What’s the point of doing moral philosophy? I do not, for once, take this question in the sense the subject itself would invite, namely, as an ethical or moral or even philosophical question. Instead, I would like to reflect personally on what drives me to pursue it, what I find its attractions are, its purchase as part of a meaningful life for me. What facets of the subject, in other words, compel me and others towards it? The relevance of this question was raised most recently by an old friend who was over visiting me in London. Having no particular interest in the academic study of moral philosophy, he glanced at my bed-side table, noticing a copy of Jonathan Glover’s Causing Deaths and Saving Lives. As I began to tell him about its contents – the rights and wrongs of killing and letting die – he peered at me somewhat curiously and asked (in a tone of friendly disbelief) how it came that I really spent my precious hours off work reading thick books about why I shouldn’t be killing people. A fair question, deserving a reply in kind: personal, reflective, and intelligible not only to the already enamoured. So let me try to reasonably plainly lay out why I do like to spend my time thus, and perhaps, hopefully, offer a view which suggests also to others that it might be worthwhile.

Bar psychopaths and madmen, no one is completely unmoved by moral sentiments, that is, views or feelings about right and wrong, good and evil, just and unjust, courageous and cowardly, etc. Though we will often disagree about what the sphere of the ethical encompasses (what facts and features of actions and people are morally relevant), human beings all go through life continually engaging with ethical or moral (I shall use the terms interchangeably here) questions. This can take very various forms, ranging from the detached, Sunday evening thoughts about how I am really living my life, to the suddenly triggered moral distress of seeing refugees crossing seas to escape war and torment, to the question of how I ought to balance my time between my grandmother and my friends. The ethical world is a world widely, near universally, shared, inhabited by virtually all of us. If thinking about ethics (as I often try to do on this blog) is the reflective engagement with the above kinds of questions, this means that it is the reflective engagement with questions which are practically inescapable for human beings. To think about such questions is to take seriously the demands of inhabiting a social world as a human being with reflective capacities.

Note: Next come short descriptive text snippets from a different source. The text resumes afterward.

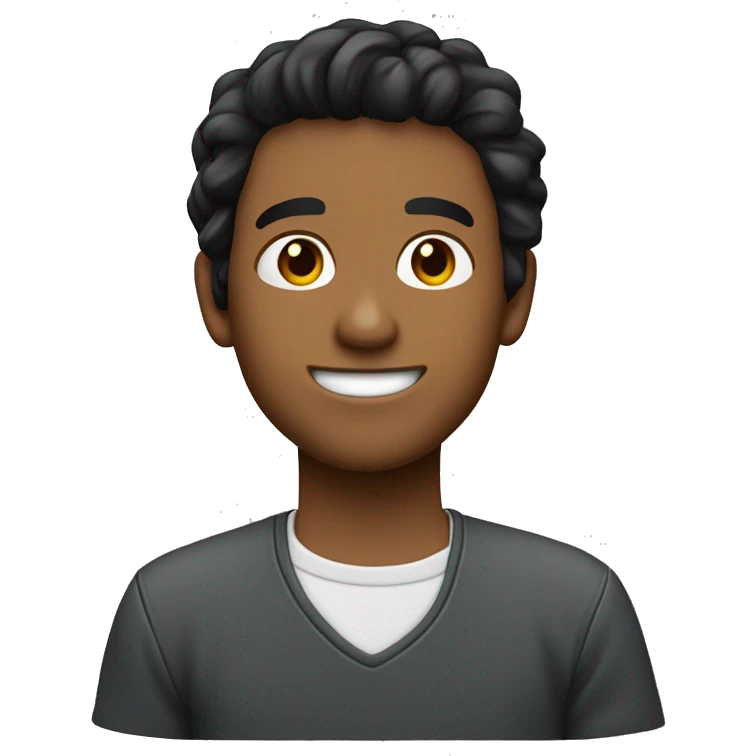 Chico joven delgado moreno con pelo negro y perilla desde una vista lateral emoji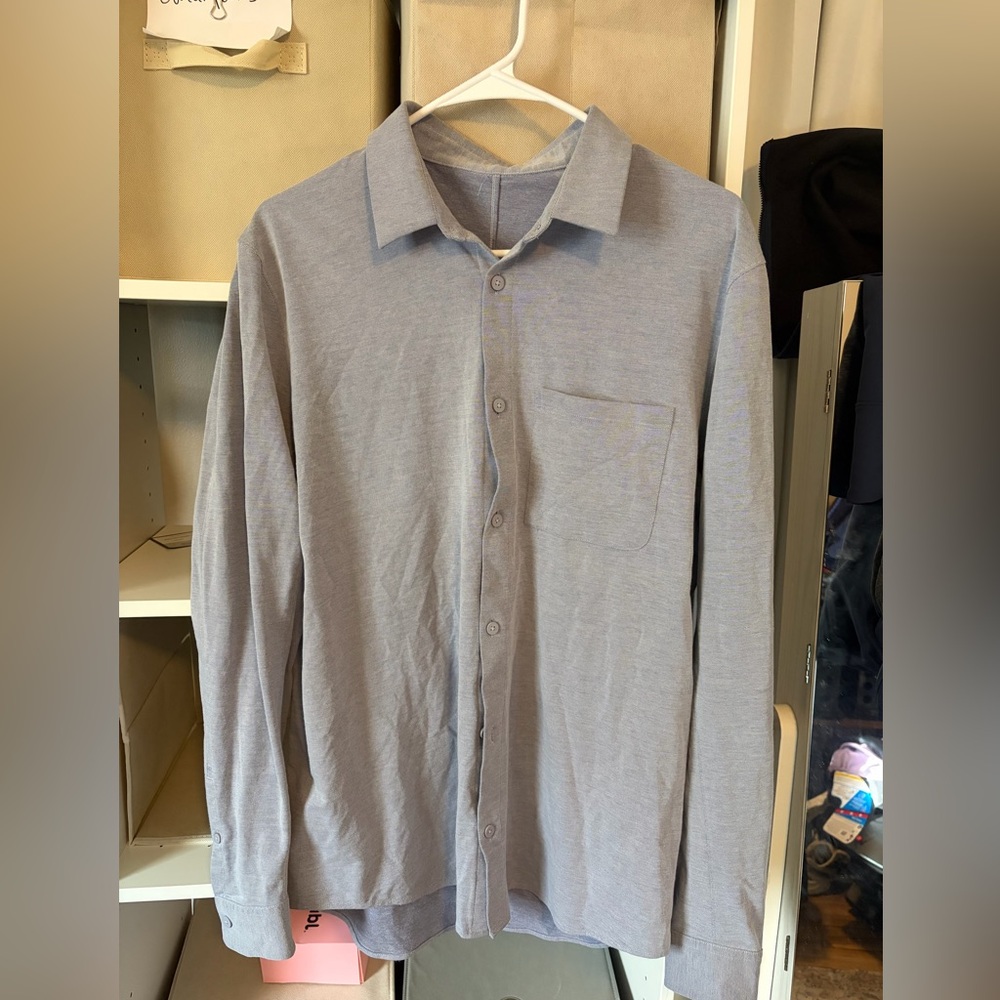 Lululemon commission shirt long sleeve men’s light blue Oxford collar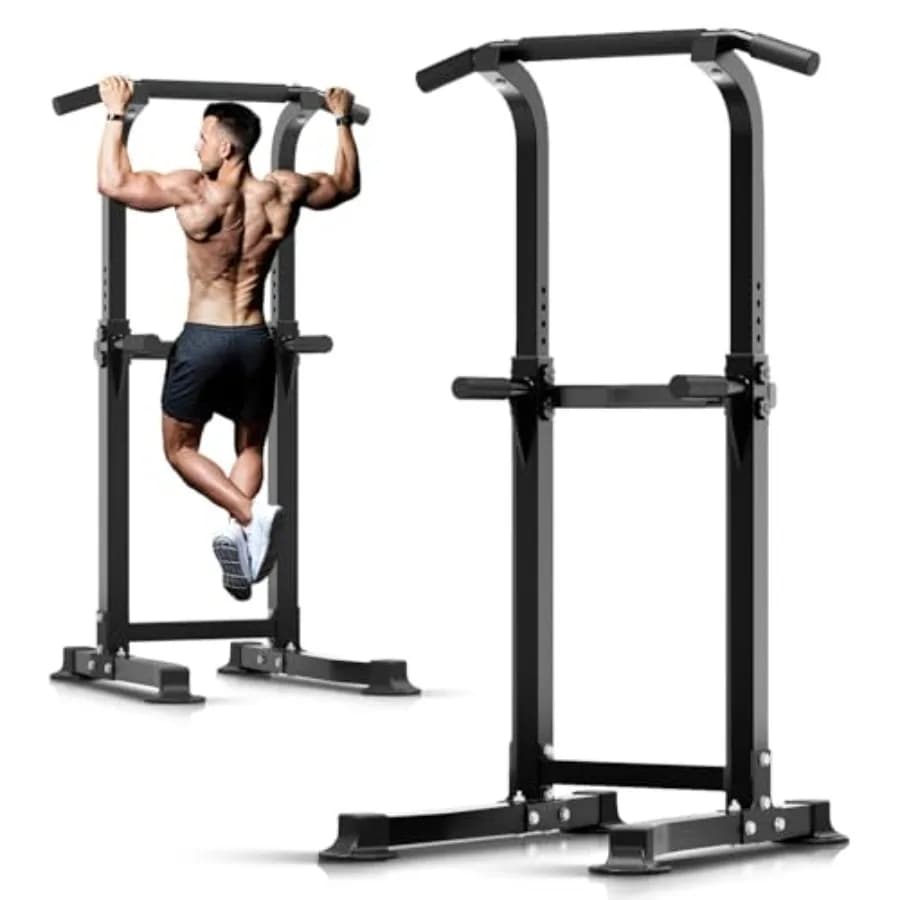ZENOVA Traction bar, Dip bar, Rack for Squat, Dip station Adjustable in Height, Traction bar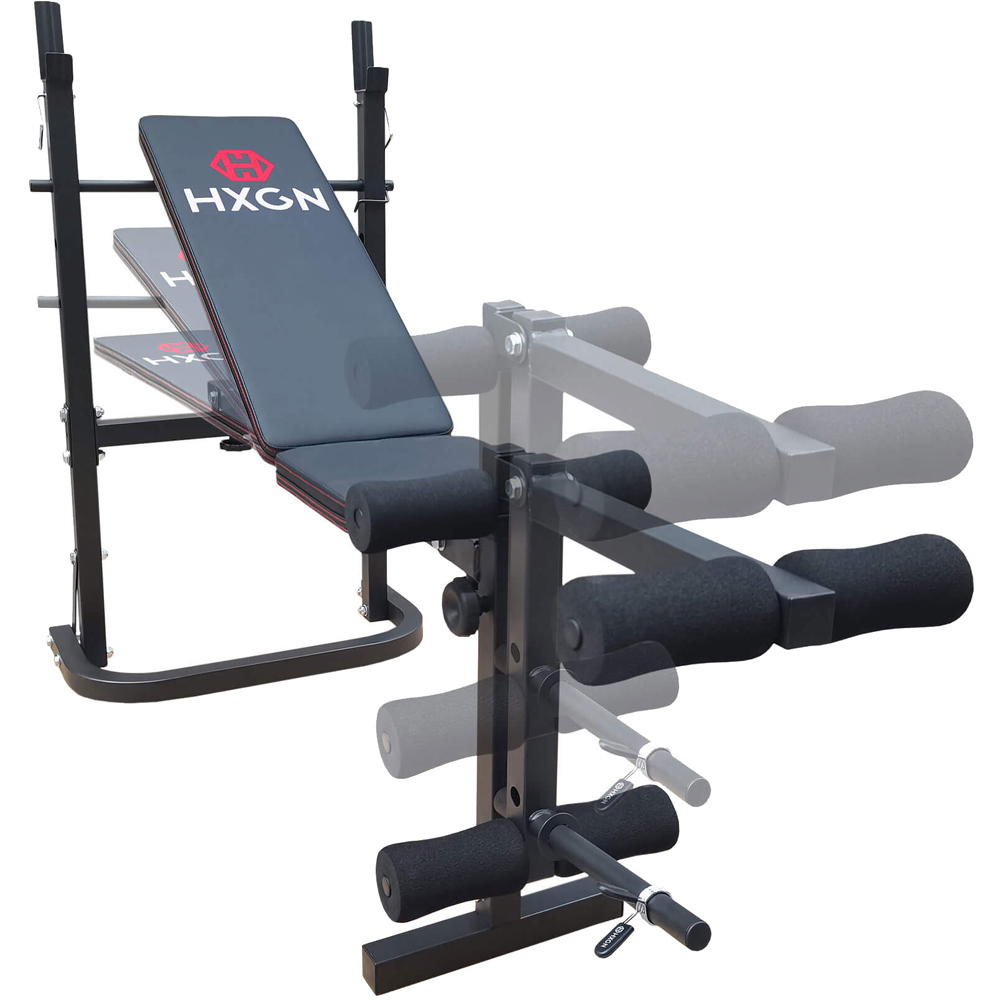 HXGN Black Barbell Bench with Leg Developer Image 1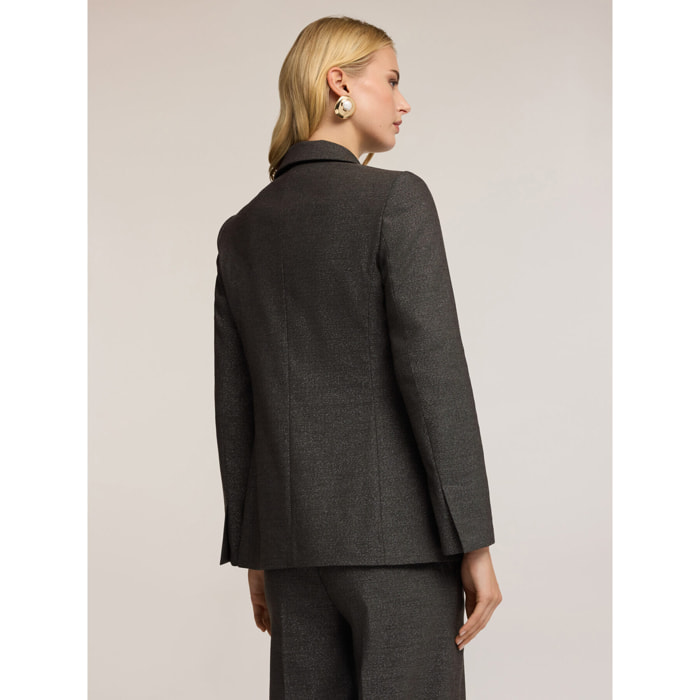 Motivi - Blazer strutturato in tessuto armaturato misto lurex - Grigio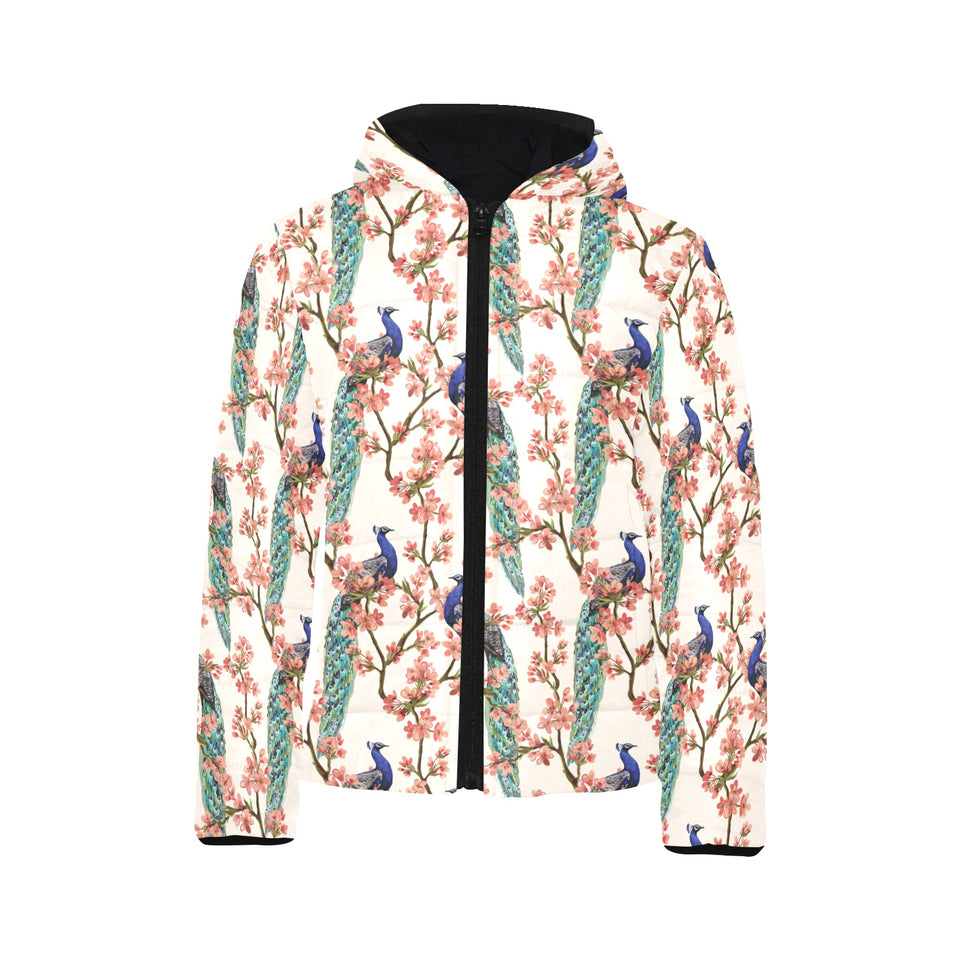 Peacock tropical flower pattern Kids' Boys' Girls' Padded Hooded Jacket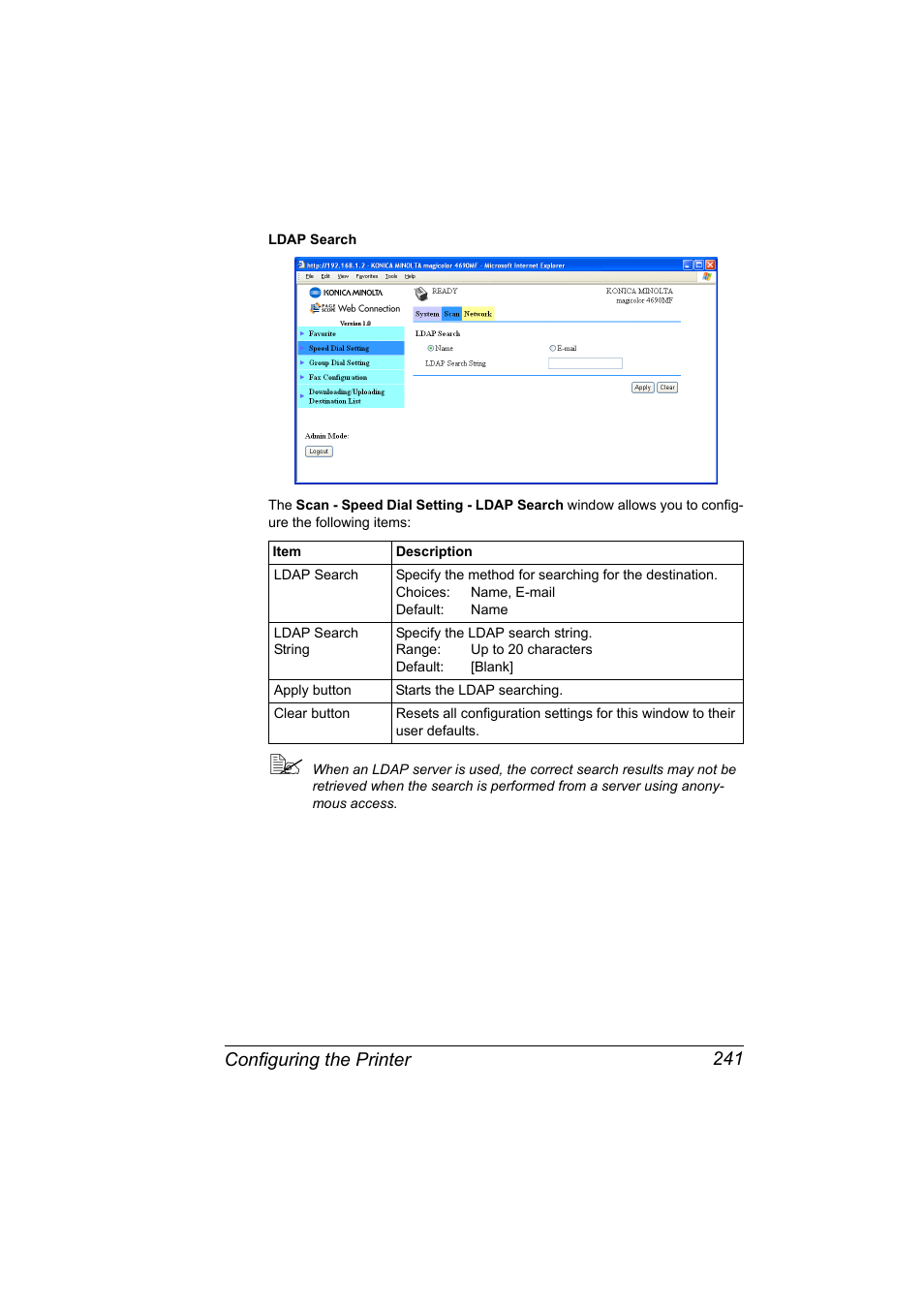 Configuring the printer 241 | Konica Minolta magicolor 4690MF User Manual | Page 257 / 312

Immediately connected to the fact of inescapability is the inspiring sense of historical situatedness ethics provides. What I mean by this is that through discovering the multimillennial lineage of ethical investigation we come to see ourselves in an awe-inspiring context of to an extent likeminded inquirers. This reason for reading and doing moral philosophy is analogous to a reason for going to the Grand Canyon: Try it and you may well enjoy the view. A humbling experience, the realisation of our place in the history of moral inquiry, as one turns the pages of Plato’s Republic, or shares the inner turmoil of Saint Augustine’s Confessions, fills at least me with a similar kind of awe as does landscape or perhaps the participation in collective striving towards a shared goal.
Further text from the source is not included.